With Brutal London: Construct Your Own Concrete Capital, recently published by Prestel, you can pop-out and build nine modernist London structures, from the circular 1960s Space House tower to the blocky 1976 National Theatre. Created by the Poland-based design studio Zupagrafika, which has also made papercraft projects for brutalism in Paris and the modernist Eastern Bloc of Warsaw, the book follows their release of standalone Brutal London models. They state in the book that the models’ “playful character helped break the perception of concrete estates as merely bleak reminders of the unfulfilled dreams of urban utopia.”
I wouldn’t be much of a brutalist model reviewer if I didn’t try to construct my own tiny concrete utopia. In a forward to Brutal London, architect Norman Foster recalls an early encounter with modeling: “My first memories are of a pop-out paper model of a circus my father built for me — it actually worked as well.” My own recollections of creating paper models are likewise distant, and my skill with crafting at a level generally between mediocre and mangling. Yet since the majority of the card stock models are basically big rectangles — thanks Le Corbusier for your Cité Radieuse influence — they’re not too complicated. Even the daunting 1970s Alexandra Road Estate with its diagonals of balconies, and the 1960s Balfron Tower with its suspended corridors, folded together with some patience. While I feel like the end results are a bit stark — a somber gathering of grey right-angles — working with the paper, I appreciated the little details such as small graffiti tags on the walls, and different colored curtain and satellite dishes on the miniature windows.
The model pages are preceded by some brief architecture history written by John Grindrod, author of Concretopia., with photographs of the real-life buildings by Peter Chadwick of This Brutal World. Many of the sites in Brutal London are post-World War II council estates, erected to supplant Industrial Revolution-era slums, and the rubble left by the Blitz. As with concrete modernism around the world, they’re now facing preservation challenges as they decay, and the rather stern grey façades are torn down for more modern buildings. Robin Hood Gardens, for instance, is planned to be demolished.

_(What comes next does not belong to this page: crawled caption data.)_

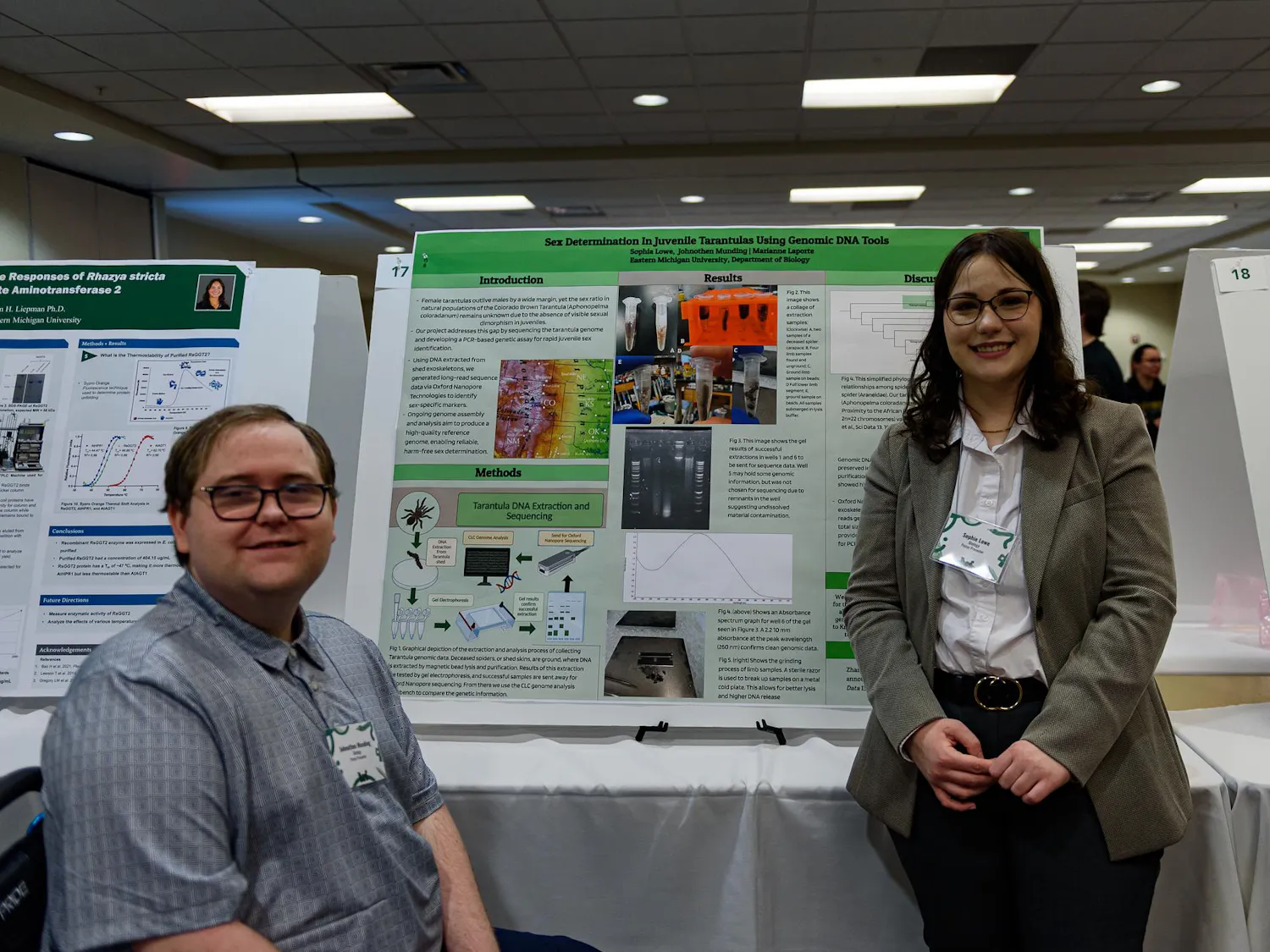 2 speakers standing next to a poster of a research project.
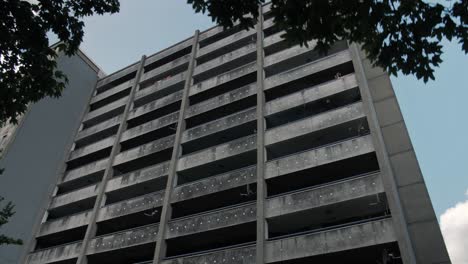 slow motion reveal of an aged residential high-rise in a low-income area with satellite dishes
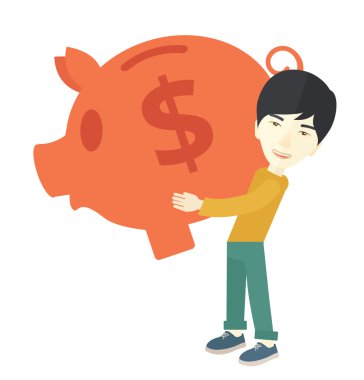 Chinese businessman carries a big piggy bank for saving money.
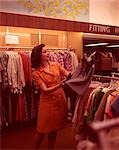 1960s WOMAN LOOKING AT SKIRT CLOTHING STORE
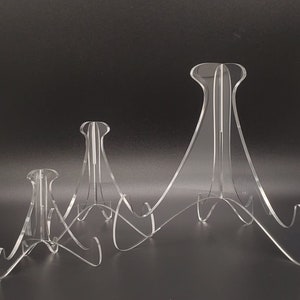 Könnte beinhalten: Drei transparente Acryl-Ausstellungsständer in verschiedenen Größen. Jeder Ständer hat eine gebogene Basis und ein hohes, offenes Design auf der Rückseite. Sie sind für die Präsentation von Gegenständen wie Tellern oder Kunstwerken konzipiert.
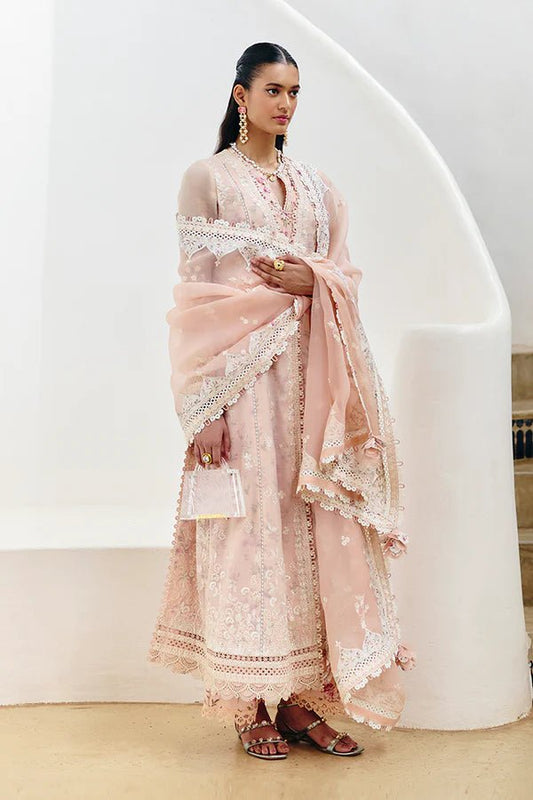 Model wearing a pastel peach flared overlapped double - layered shirt from Suffuse Casual Pret '24 collection, featuring white embroidery and lace detailing. Paired with printed cotton culottes and an organza dupatta. Available online in the UK.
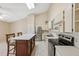 Bright kitchen boasts stainless steel appliances, white cabinets, and central island with seating at 2192 Swedish Dr # 26, Clearwater, FL 33763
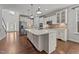 Bright kitchen offers white cabinets, stainless steel appliances, large island and hardwood floors at 3409 Lily Orchard Way, Apex, NC 27539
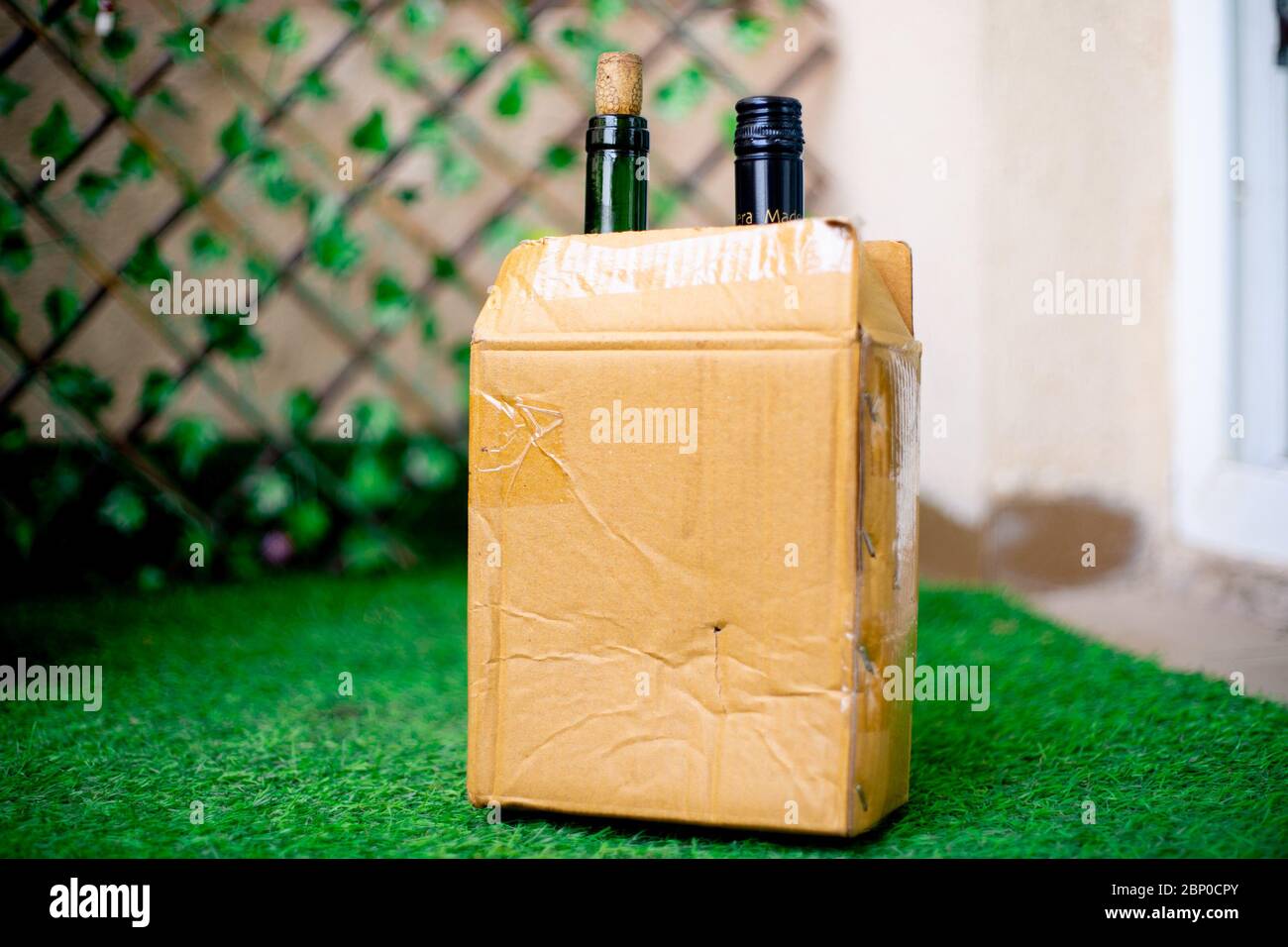 Alcohol in a cardboard box with beer and wine home delivered through online app shot in a garden at home Stock Photo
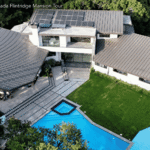Exterior view of Shohei Ohtani house in La Cañada Flintridge California with mid-century modern design and mature oak trees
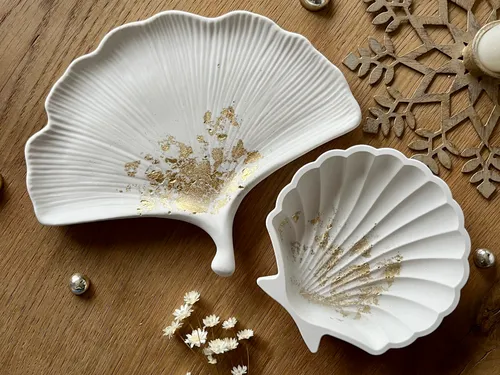 White mussel shells lie on a wooden background.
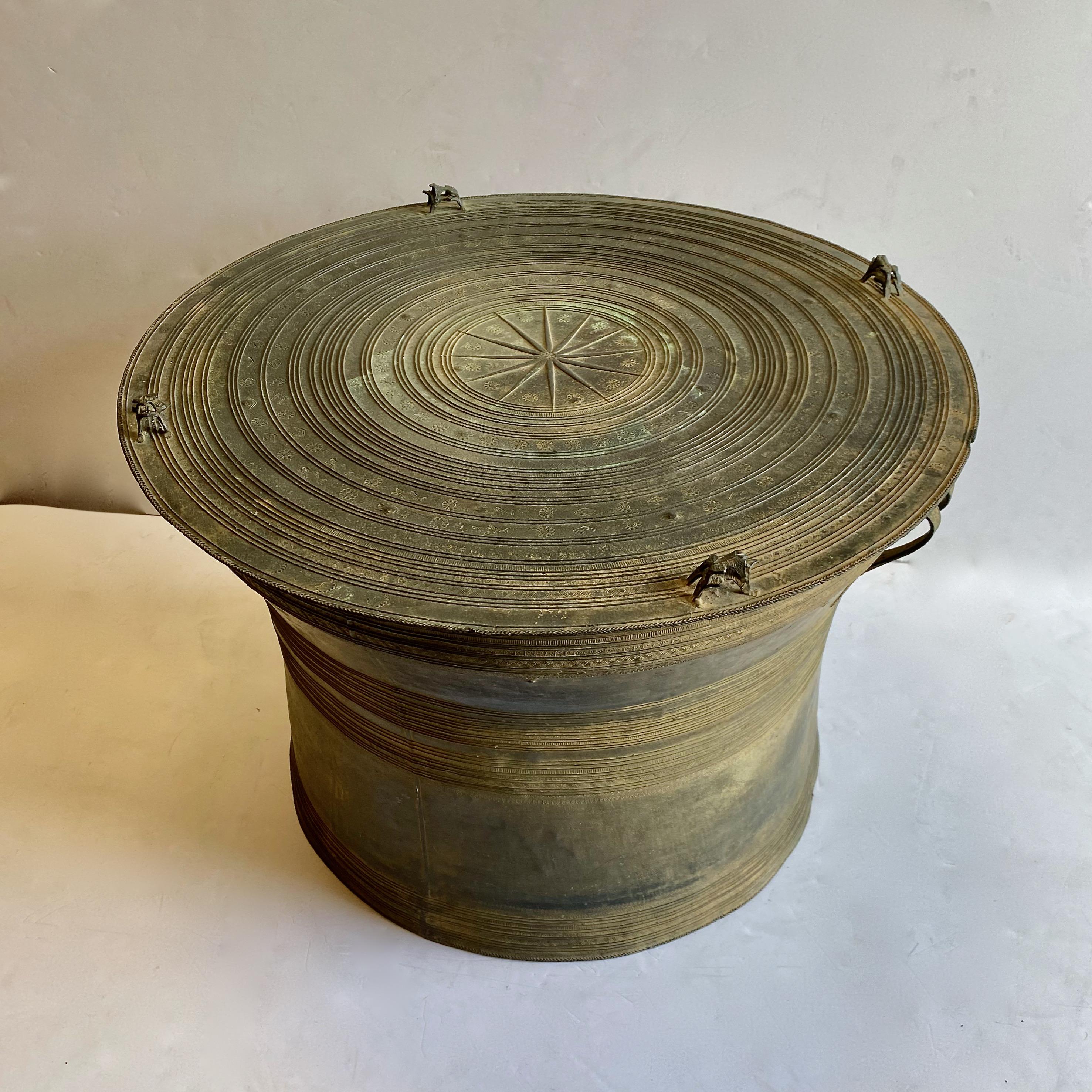This a very large Southeast Asian patinated cast bronze rain drum or frog drum. 
The intended use of the rain drum was ceremonial and was used to invoke rain and serve as an instrument; the drum is currently adapted to serve as a coffee or side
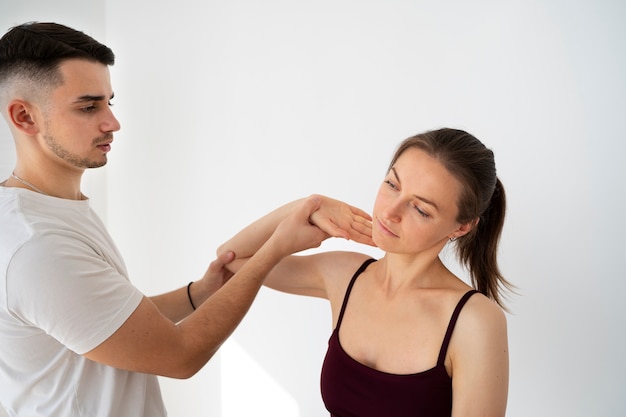 Close up therapist helping patient recover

“Council estates are being lined up for redevelopment,” writes Grindrod. “The City of London too is losing most of its mid-century office developments — and the streets in the sky that linked them — as it moves to replace them with a glossy CGI landscape pulled straight from Inception. We should treasure our familiar landscape of post-war brutalism while we still have it.”
Brutal London: Construct Your Own Concrete Capital is out now from Prestel.